# If $X$ is compact and Hausdorff, and $f:X\rightarrow Y$ is continuous, closed, and surjective, prove $Y$ is Hausdorff.

Let $$X$$ be a compact Hausdorff space. If $$f:X\rightarrow Y$$ is continuous, closed, and surjective, prove that $$Y$$ is Hausdorff.

I'm wondering if/where the compactness of $$X$$ is needed. I have the following 'proof', but I'm rather skeptical as it doesn't depend on the compactness of $$X$$. Where is the mistake in my proof?

Proof: Let $$y_1,y_2\in Y$$ be distinct. Then there are $$x_1,x_2\in X$$ such that $$f(x_i)=y_i$$. Since $$X$$ is Hausdorff, there exist disjoint open neighborhoods $$U_1, U_2$$ of $$x_1$$ and $$x_2$$, respectively. As $$f$$ is closed, $$f(X\backslash U_i)\subseteq Y$$ are also closed. Thus, if $$V_i:=Y\backslash f(X\backslash U_i)$$, then $$V_1$$ and $$V_2$$ are disjoint open neighborhoods of $$y_1$$ and $$y_2$$, respectively, where disjointness follows from \begin{align*} Y\backslash( V_1\cap V_2)&=Y\backslash V_1\cup Y\backslash V_2 \\ &=f(X\backslash U_1)\cup f(X\backslash U_2)\\ &=f(X\backslash U_1\cup X\backslash U_2)\\ &=f(X\backslash (U_1\cap U_2))\\ &=f(X)\\ &=Y. \end{align*}

The mistake is in claiming that $$y_1 \in V_1$$ and $$y_2 \in V_2$$. You cannot say this unless $$f$$ is injective.

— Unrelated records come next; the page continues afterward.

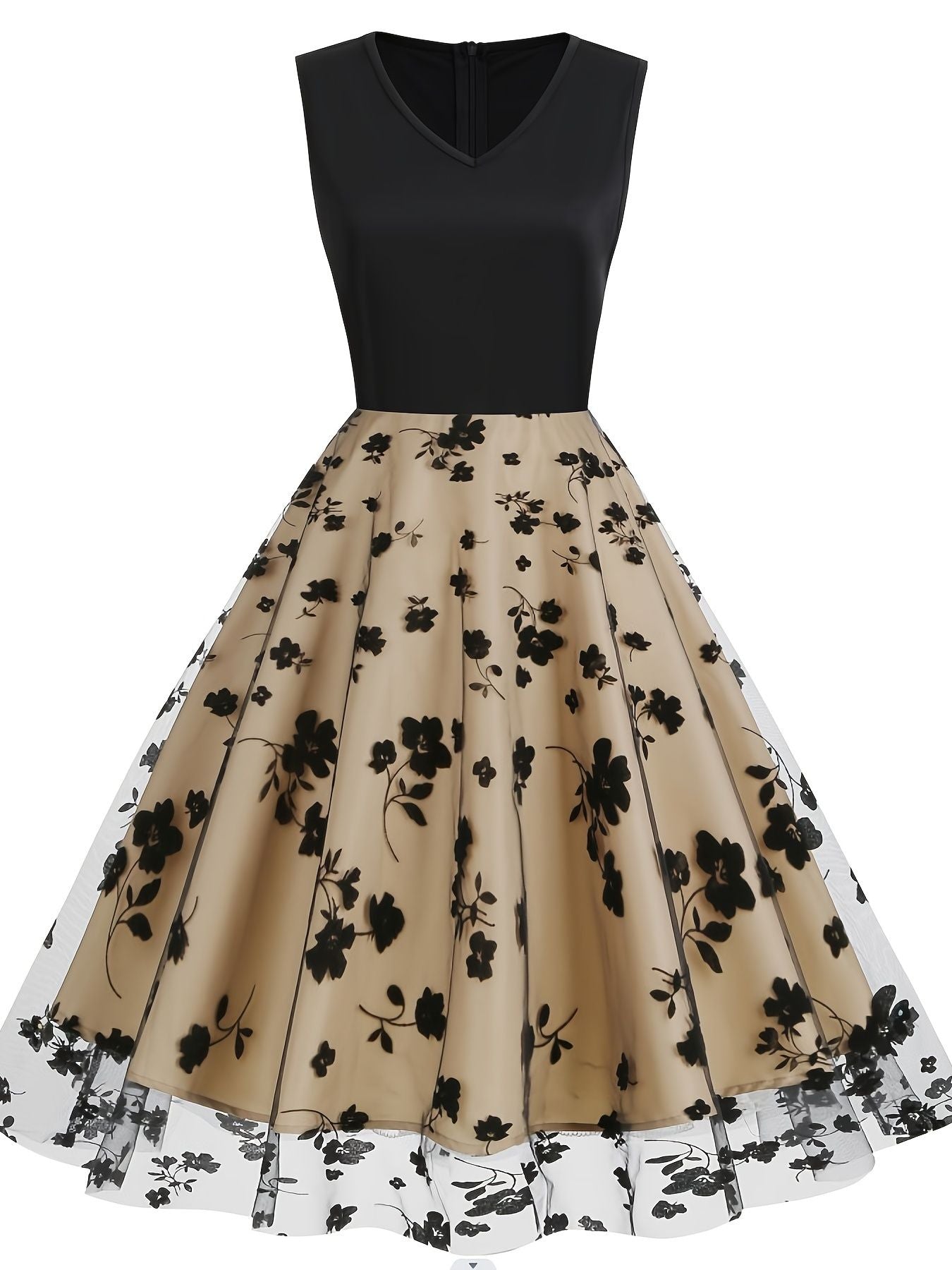 Women's Dress Sleeveless Butterfly Embroidery Mesh Double Layered Prom Dress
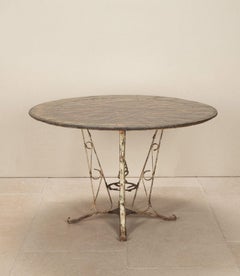 Französischer Eisen-, Messing- und Kupfertisch des frühen 20.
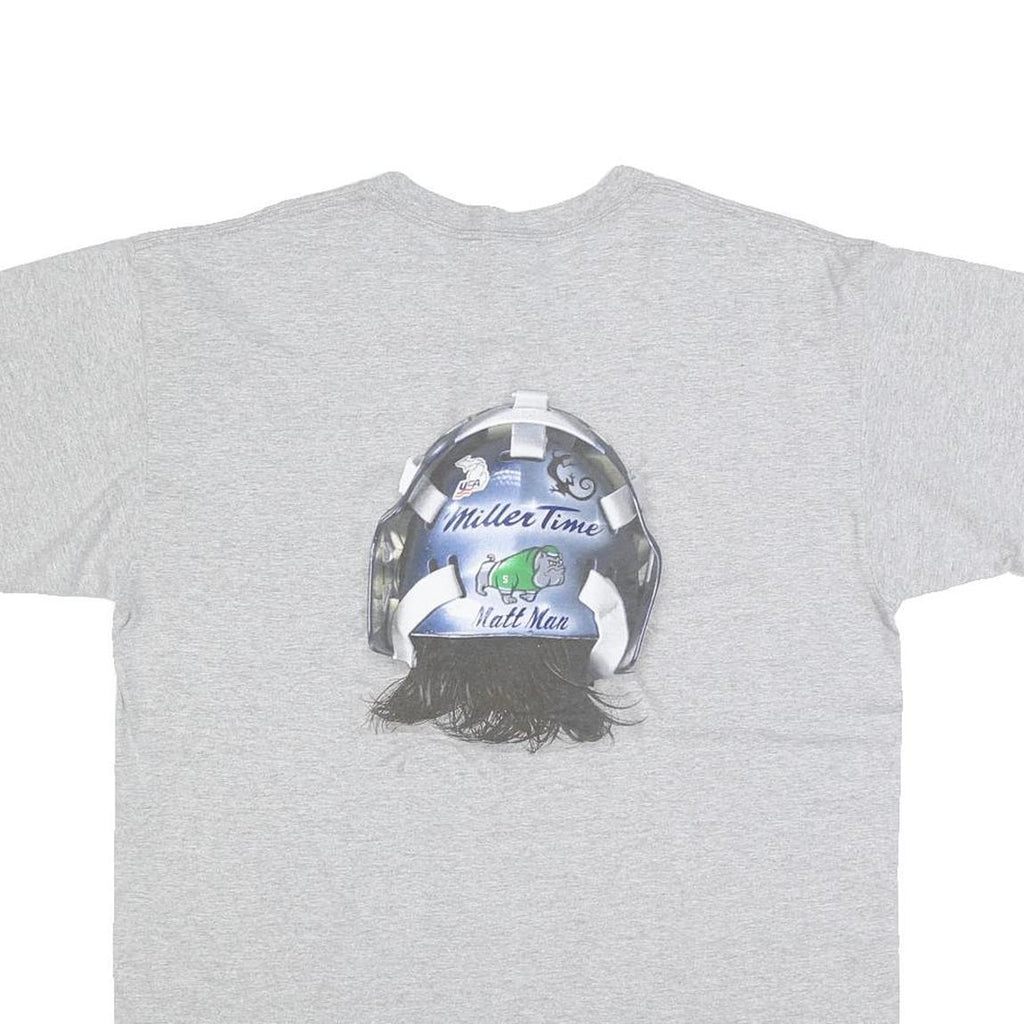 ANVIL Mens Grey Ryan Miller Graphic T-Shirt L Short Sleeve Crew Neck Hockey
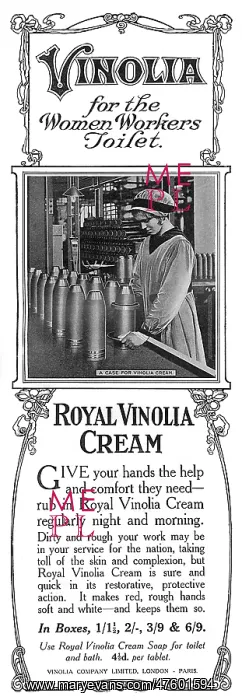 : Royal Vinolia Cream advertisement, munition worker, WW1 : Royal Vinolia Cream advertisement, munition worker, WW1
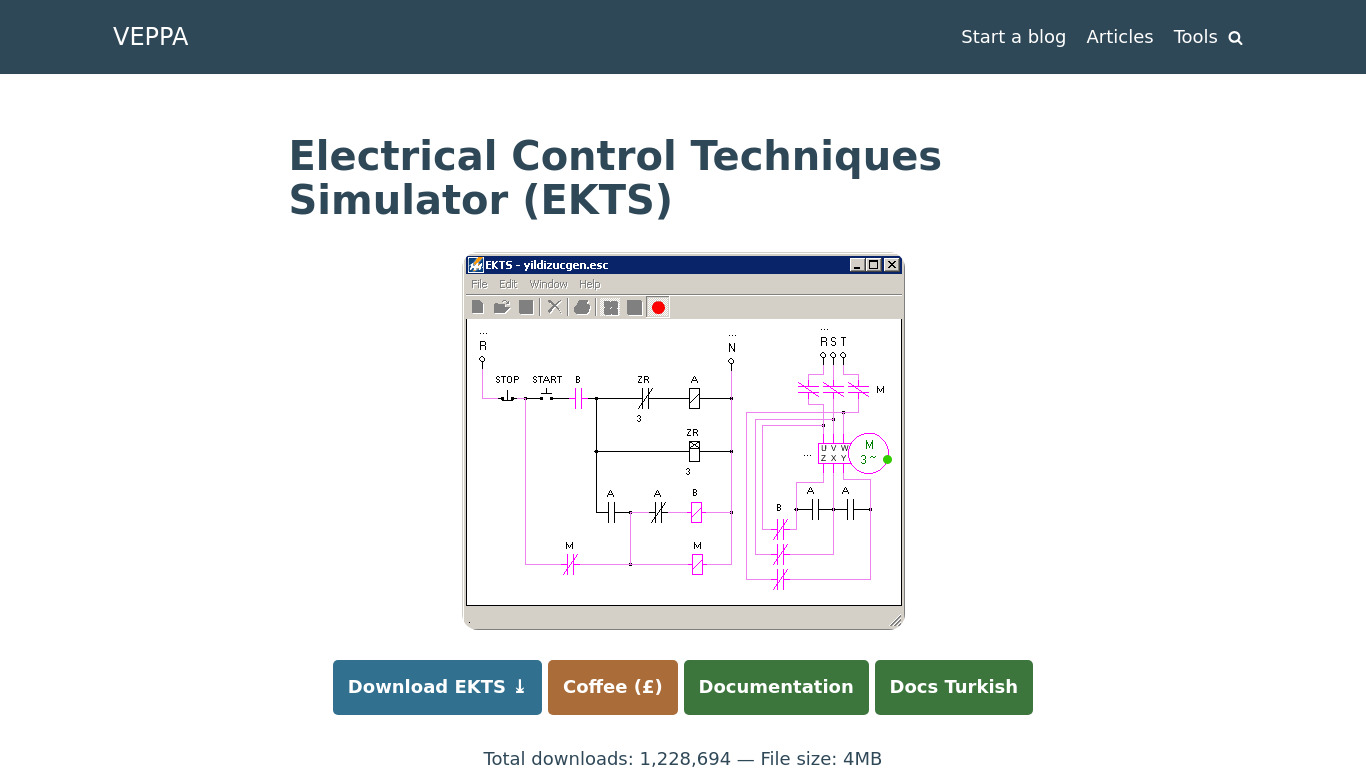 EKTS (Electrical Control Techniques Simulator) Landing page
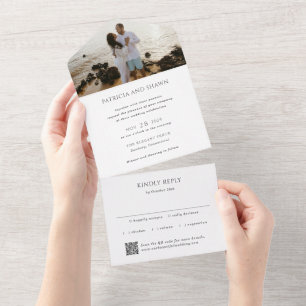 Código QR Preto e Branco Simples Casamento Elegant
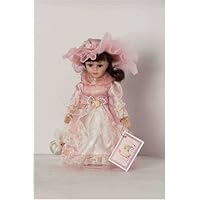 Andrea, Victorian Doll 11 Porcelain, on Stand, in Pink Dress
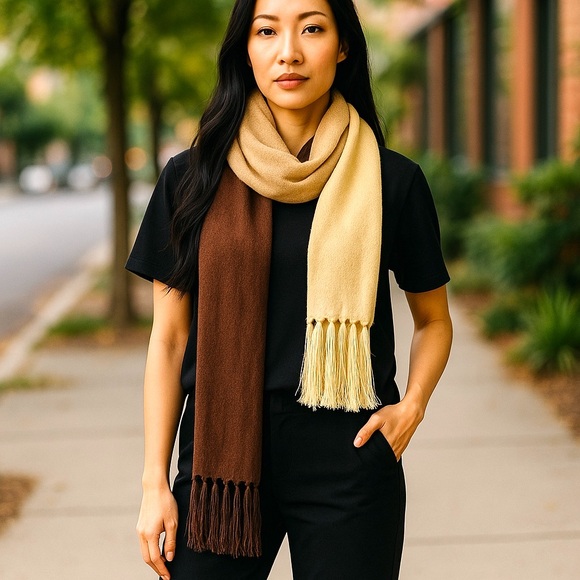 VINTAGE SCARF 80s Ombre 3-tone Tan Brown and Cream Knit Jersey w Fringe - Picture 3 of 15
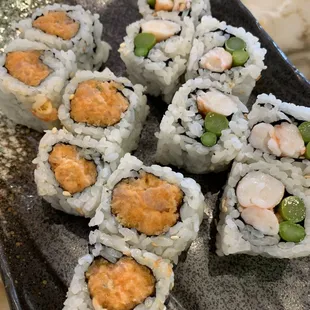 Spicy Yellowtail Roll and Asparagus Shrimp Roll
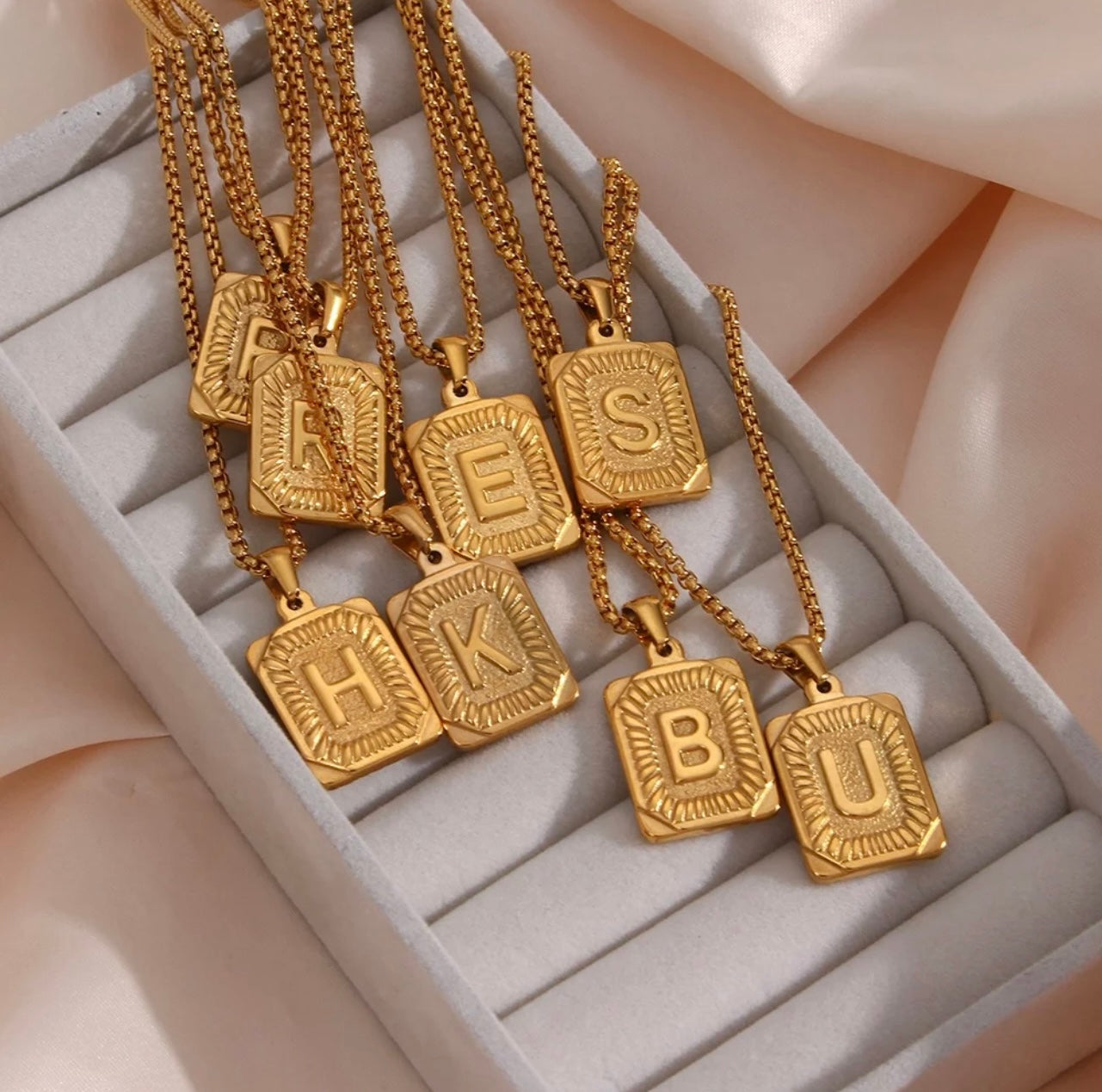 box letter necklace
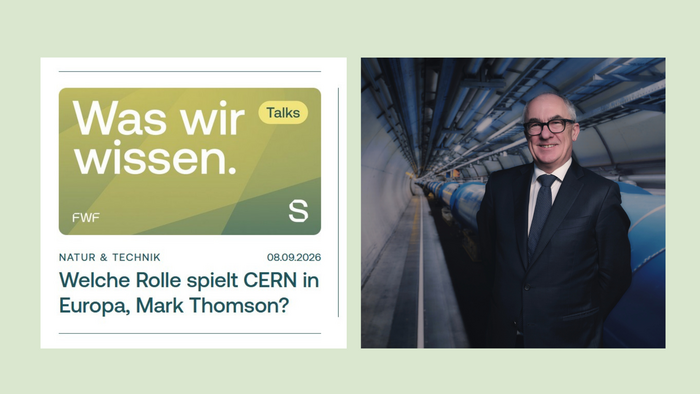 Visual zum FWF-scilog-Podcast &bdquo;Was wir wissen&ldquo;-Talks und Portr&auml;t von Mark Thomson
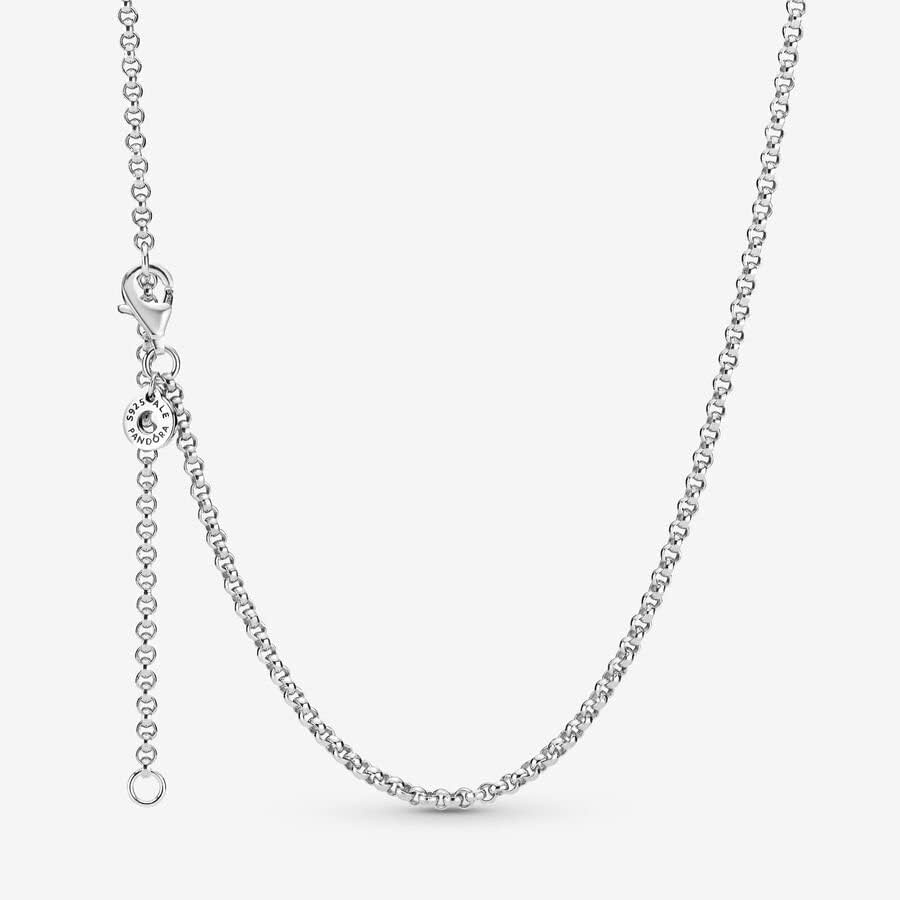 image:imagePANDORA Rolo Chain Necklace Adjustable with Lobster Clasp for Her Sterling Silver with Gift Box 236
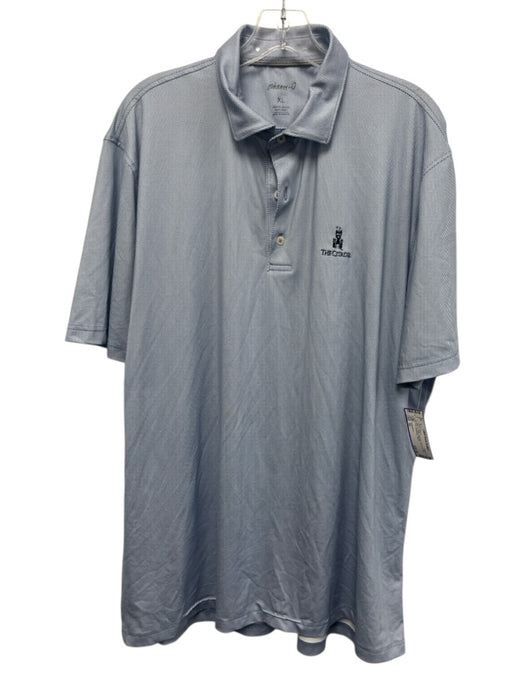 Johnnie O Size XL Blue & White Polyester All Over Print Polo Men's Short Sleeve Blue & White / XL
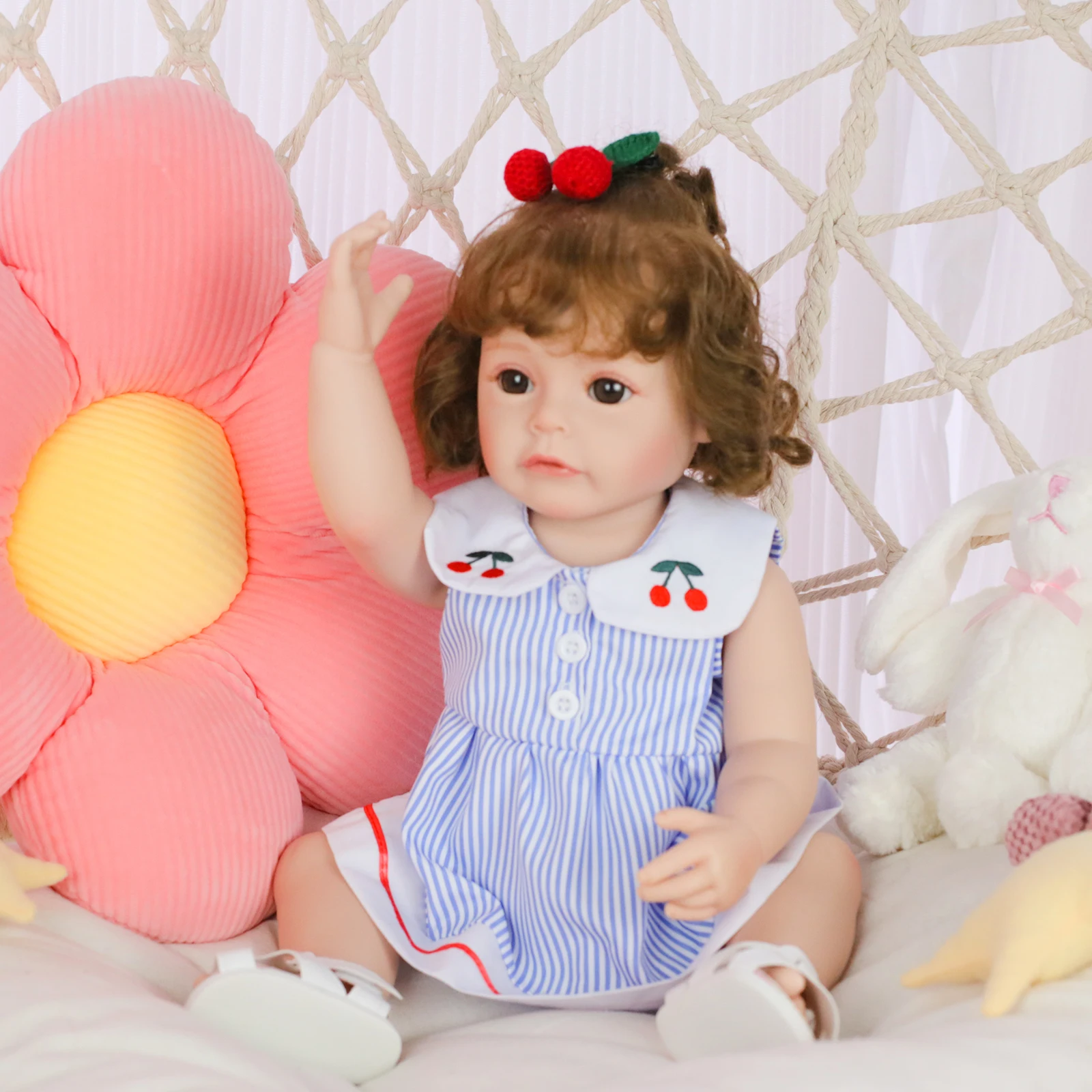 18インチ新生児リボーンドール女の子、手植えの髪、柔らかい体、3Dスキン、血管が見える、コレクターズアートドール、クリスマスプレゼント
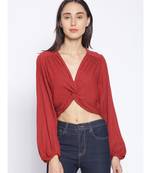 embroidered Red Viscose   Top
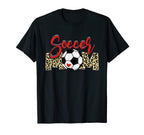 Sport Mom Leopard Mothers Day Soccer T-Shirt - Unique Graphic for Adults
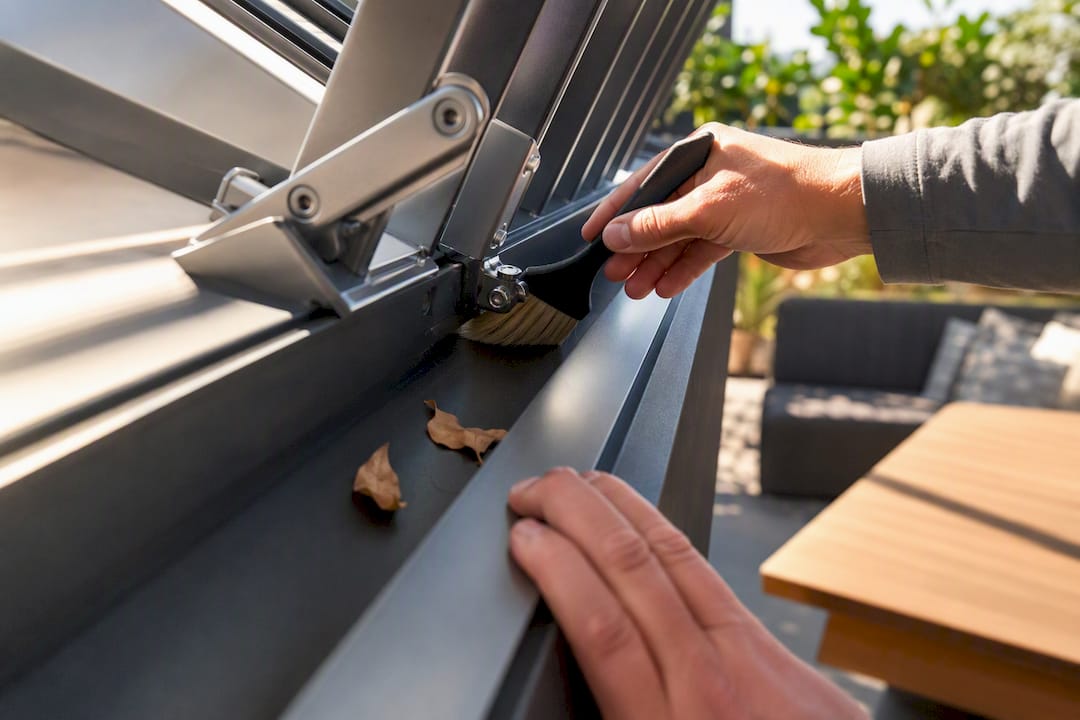 Hands inspecting pergola gutter and hinge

• Ah, of course. Thank you! – Arbutus Jan 13 at 0:55

The non-injectivity failure in your current proof has already been pointed out. Now instead of disjoint neighbourhoods $$U_1,U_2$$ of $$x_1$$ and $$x_2$$, use disjoint neighbourhoods of the closed sets $$F_i = f^{-1}[\{y_i\}]$$ ($$i=1,2$$) of $$X$$ and the same construction of open sets. This does use compactness (why?) and we do get neighbourhoods of $$y_i$$ ( this needs a small argument).

A more general theorem:

Suppose that $$f: X \to Y$$ is surjective, continuous, closed and has compact fibres (all $$f^{-1}[\{y\}], y \in Y$$ are compact (such a map is called perfect)) then if $$X$$ is Hausdorff, then so is $$Y$$.

This captures the essence of the proof and does not require $$X$$ to be compact (we need the compactness of the fibres, really).

$$f$$ is not injective, so you can have $$y_1\in f(X/U_1)$$.